Unternehmen, die den Anschluss nicht verpassen wollen, müssen höllisch aufpassen, denn ein nicht rechtzeitig erkannter Trend kann die Substanz gefährden. Das zeigt das Beispiel von Nokia, dem einstigen Weltmarktführer bei Mobiltelefonen. Das Management sah seinerzeit in den internetfähigen Mobiltelefonen kein großes Zukunftspotenzial und überließ das Feld Apple, Samsung & Co. Was danach folgte, ist bekannt und mittlerweile Geschichte. Ebenso sind Einzelhändler, die sich lange gegen E-Commerce sträubten, gegenüber der digitalen Konkurrenz ins Hintertreffen geraten. Ähnlich könnte es Unternehmen ergehen, die den Mobiltrend bei ERP-Systemen verschlafen. Aus Angst vor ausufernden Kosten oder aus schierer Bequemlichkeit schieben viele Unternehmen Sicherheitsbedenken vor und warten lieber ab, anstatt zu handeln und ihre nicht mobil-fähigen ERP-Systeme weiterzuentwickeln. Warum eigentlich?

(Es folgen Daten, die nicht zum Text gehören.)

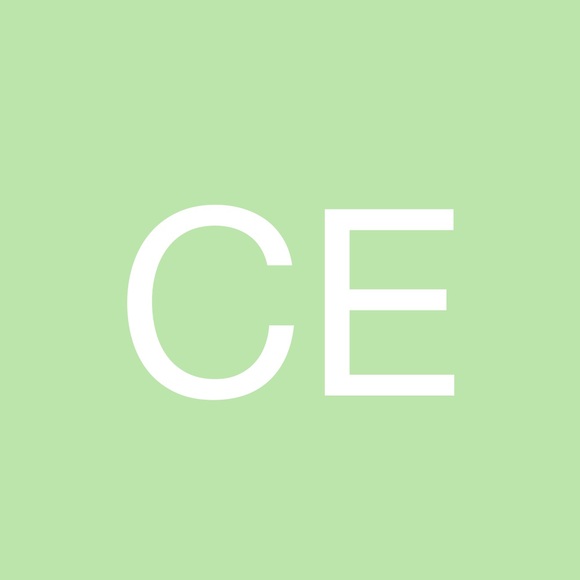 candiceenos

Studie belegt: Mobile Zugriffe auf ERP-Systeme nehmen zu
Die Fakten sprechen eine klare Sprache. Die explosionsartige Zunahme bei der Nutzung von Mobilgeräten zeigt, dass immer mehr alltägliche Aufgaben mobil erledigt werden:
- von der E-Mail-Korrespondenz
- über Terminplanung
- bis hin zur Online-Kommunikation.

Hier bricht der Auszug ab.